China and the European Union hope to edge closer to a trade agreement
Xi Jinping is the first Chinese president ever to visit the EU headquarters in Brussels
EU hopes to gain better access to Chinese middle class consumers
When the European Council President Herman Van Rompuy welcomes Xi Jinping to Brussels on Monday, it will be the first time a Chinese president has visited European Union headquarters.
But the trip isn’t about making history – it’s about closing business deals with European firms. Xi will be accompanied by more than 200 Chinese business leaders, several of whom signed multi-billion agreements to buy airplanes and cars as the contingent swept through France and Germany on their way to Belgium.
China’s ultimate goal on the trip is to reach a wide-ranging trade agreement with the EU. In turn, the EU hopes to persuade China to open its markets to foreigners and attract more direct investment.
The first round of the talks took place in January, but the Chinese seem eager to advance the negotiation much further this time around. Before embarking on the tour, Chinese Foreign Minister Wang Yi told the National People’s Congress that he hopes to “speed up the negotiation toward the investment agreement.”
Here is what the two sides want from the deal:
More than $588.6 billion worth of goods are traded between the EU and China every year – $1.6 billion every day, according to the latest data from European Commission. But Europe sells a lot less to the Chinese than it buys from them – last year, its trade deficit with China was $180 billion.
European investors want to take advantage of China’s growing middle class and export more.
“Every year, 20 million Chinese households pass the threshold of household income of $13,500 at which middle class families become able to afford key consumer goods and services, like cars,” the EU Commission’s Trade department says.
To achieve this, the EU is pushing for less regulation in the Chinese market.
More direct investment
Despite the large volume of trade, mutual direct investment is still relatively low, with just over 2% of EU foreign direct investment being in China, according to the European Commission.
For years, European companies sought to benefit from cheap labor by building factories in China, but today that trend is reversing. Chinese investors are now eyeing Eastern Europe and the Mediterranean, where the eurozone crisis has pushed labor costs down and created hunger for foreign investment.
China has announced an ambitious plan to invest $100 billion per year into Eastern European countries by 2015. It opened its first factory – a Great Wall Motor assembly line – in Bulgaria in 2012, giving the Chinese automaker duty-free access to the European market.
Experts say Chinese money will help Europe out of the economic slowdown. Take the port of Piraeus as an example - although the Greek economy has been devastated by the global financial crisis, the Chinese-run port has stayed afloat and is becoming one of Europe’s main shipping hubs.
Europe’s trade relationship with China suffered several setbacks over dumping accusations last year. The EU tried to hit Chinese solar panels producers with high import duties, accusing China of dumping solar panels way below a fair price.
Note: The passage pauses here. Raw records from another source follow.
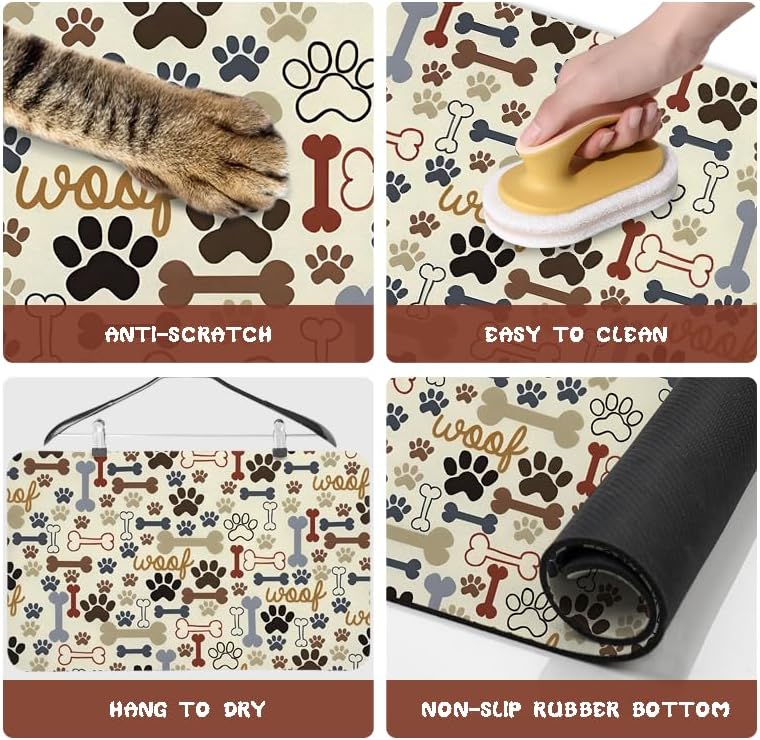 Dog Food Mats for Floors Waterproof - Beige / 24"L x 16"W - image 3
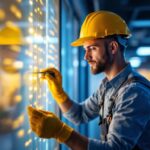 A photograph of a lighting contractor in action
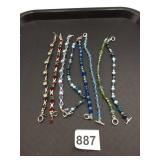 METAL-TONE BRACELETS, MULTICOLOR CRYSTAL BEADS,
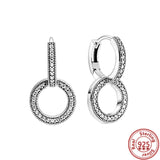 925 Silver Women Earrings Pave Zircon Flowers Moon Love Hoop DIY Jewelry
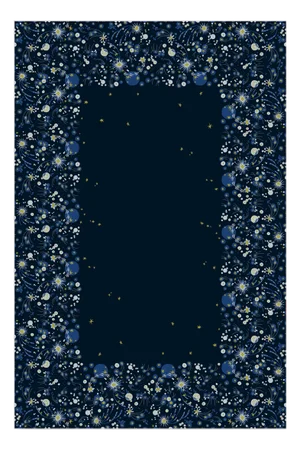 Solaris Stars European Blue Linen Medium Tablecloth | Lizzet Frausto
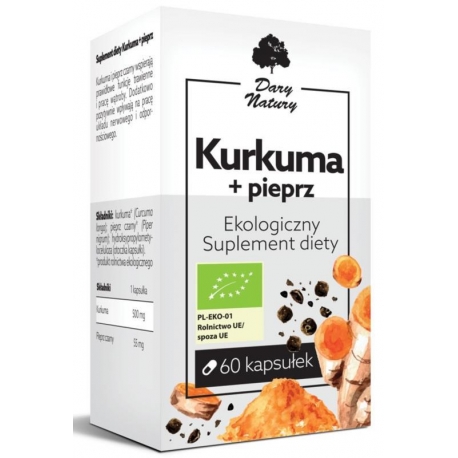 KURKUMA Z PIEPRZEM BIO 60 KAPSUŁEK (555  mg) - DARY NATURY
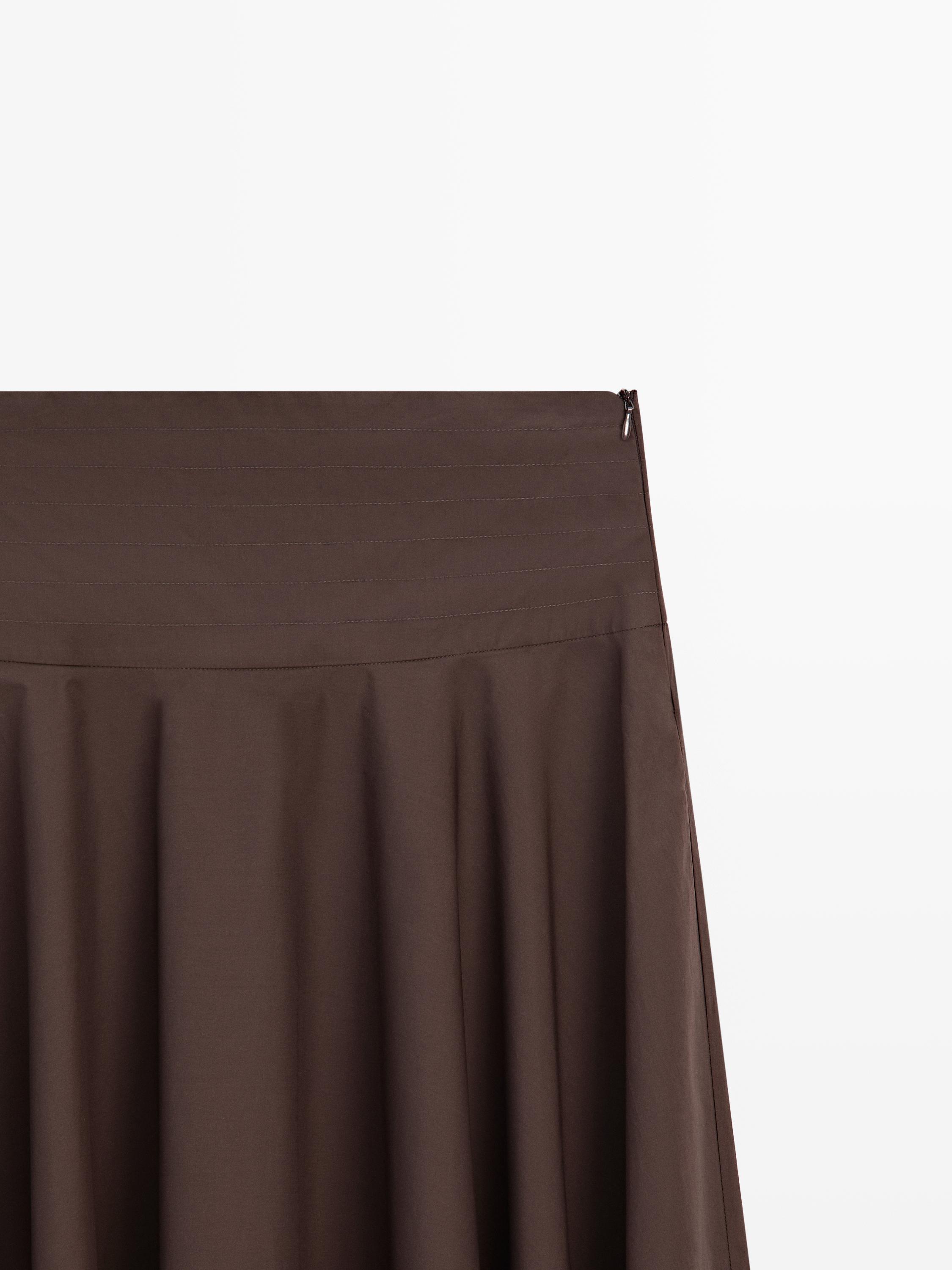 Midi skirt with sash belt and seam details — BROWN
In a tit-for-tat move, China then launched anti-subsidy probe into European wine imports. Although both disputes have now been resolved, only 1% of imports from China are covered by EU’s anti-dumping measures.
Removing barriers in China
The EU says that China still imposes way too many barriers on foreign investors, who do not have access to sectors China deems as strategic, including transport, telecommunication and healthcare.
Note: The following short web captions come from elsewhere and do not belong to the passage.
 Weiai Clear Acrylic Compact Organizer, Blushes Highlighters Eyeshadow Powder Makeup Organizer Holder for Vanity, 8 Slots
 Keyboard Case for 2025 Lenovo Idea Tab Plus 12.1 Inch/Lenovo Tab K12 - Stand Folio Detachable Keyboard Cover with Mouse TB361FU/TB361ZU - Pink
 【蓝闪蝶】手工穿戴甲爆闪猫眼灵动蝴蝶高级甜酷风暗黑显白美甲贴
Michał Król of the EU investment think tank ECIPE says this part of a potential trade agreement will be critical: “It is an attempt to establish symmetric market relations – meaning that European and Chinese firms should have equivalent access to each other’s’ markets.”
Compulsory joint ventures and limits on foreign ownerships mean European companies find it hard to fulfil China’s rules. The EU Commission says that a recent EU survey found that nearly half of EU companies operating in China reported “missing business opportunities due to regulation.”
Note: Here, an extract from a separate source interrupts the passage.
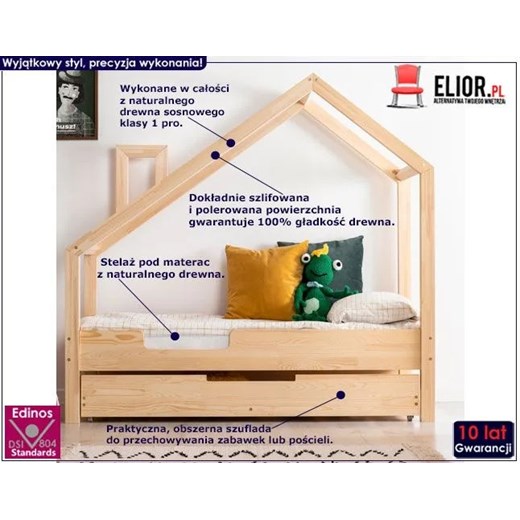 Drewniane łóżeczko dziecięce domek z szufladą Lumo 9X Elior One Size Edinos.pl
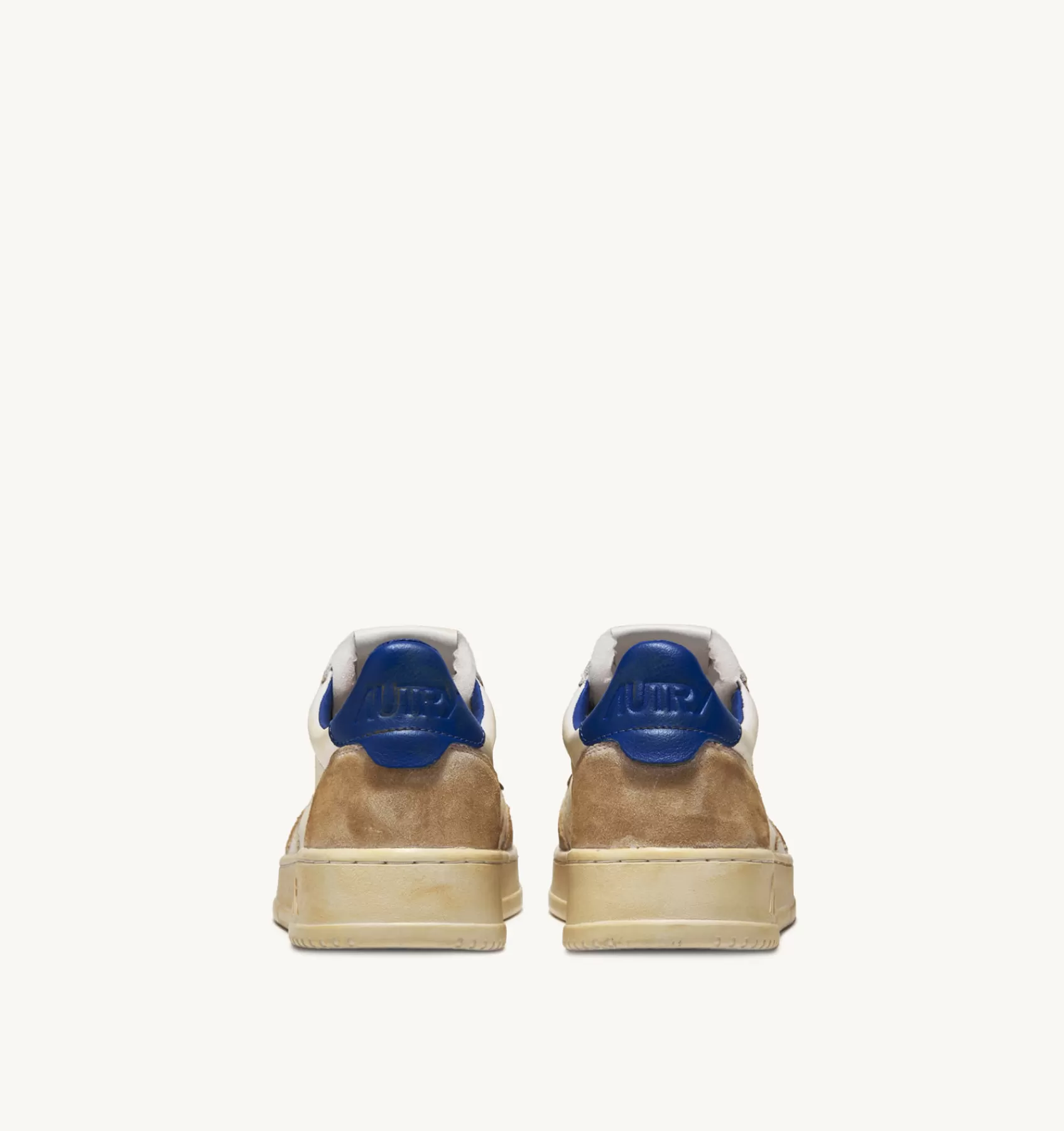 Männer AUTRY Sneakers Medalist Low Super Vintage Aus Leder Yellowing Mit Weiss Und Blau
“China’s reforms seek amongst other to expand the list of sectors that are open to foreign investment and allow overseas investors to be treated like national ones,” says Marie Julie Chenard, an expert in the field of Europe’s economic relations at the LSE Ideas think tank.
But she says the investment treaty is unlikely to cover what might be much more important to foreign investors in China: “Concerns about bribery and corruption, the reliability of business partners and the enforcement of intellectual property rights.”
How important is EU’s trade with China?
China is EU’s second biggest trading partner, trailing only behind the U.S. Trade of goods between the two has quadrupled since China joined the World Trade Organization in 2001, reaching nearly $590 billion in 2013.
The EU is China’s biggest source of imports and its biggest export destination. European companies are fulfilling Chinese hunger for cars, planes, chemicals and luxury goods, while Europe imports $385 billion worth of textiles, electronics and other goods from China.
With some expecting China to become the world’s biggest economy by 2030, there will be a lot more for grabs.